Poi, nel 2000, comincio a scrivere i testi e da lì si è aperta la fase Pacifico. La mia attenzione più alla musica che ai testi ha fatto sì che le mie fonti di ispirazione principali fossero i grandi melodisti. Poi ho passato fasi più rock, più jazzistiche, insomma ho seguito generi diversi e questo me lo ritrovo quando arrivo a scrivere, sento che ci sono molte possibilità per lo sviluppo di un brano.

Ovviamente, dalla comparsa delle parole nella mia scrittura tutto è cambiato; ora ogni giorno scrivo qualche frase, ho taccuini dappertutto che si sono aggiunti ai vari modelli di registratori portatili che ho sempre tenuto per appuntare fischiando delle idee. Credo che Pacifico sia una specie di "sommergibile" della musica italiana. Vivo una sorta di schizofrenia benefica tra l'interprete e l'autore, ambedue mi danno grandi soddisfazioni e esercitando un ruolo mi manca l'altro. È un equilibrio precario che mi rende però felice».

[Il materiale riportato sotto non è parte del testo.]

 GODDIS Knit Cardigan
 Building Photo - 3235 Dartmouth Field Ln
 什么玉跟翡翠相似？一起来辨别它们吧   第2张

Cosa sentiremo durante la tua prossima esibizione a "I Candelai"?
«Questo giro di concerti si apre invariabilmente con il brano che apre anche il nuovo disco, “Dove comincia tutto”. È una canzone che esemplifica quello che io cerco di fare con le canzoni, una sorta di percorso a ritroso, un superamento di tutte le difese nella speranza di ritrovarsi alla fine indifesi, a un passo dall'innocenza. Forse più in genere a questo servono le forme d'arte, a cercare il nostro lato indifeso e stupito, quello che si manifesta con una lacrima improvvisa o con la risata fragorosa».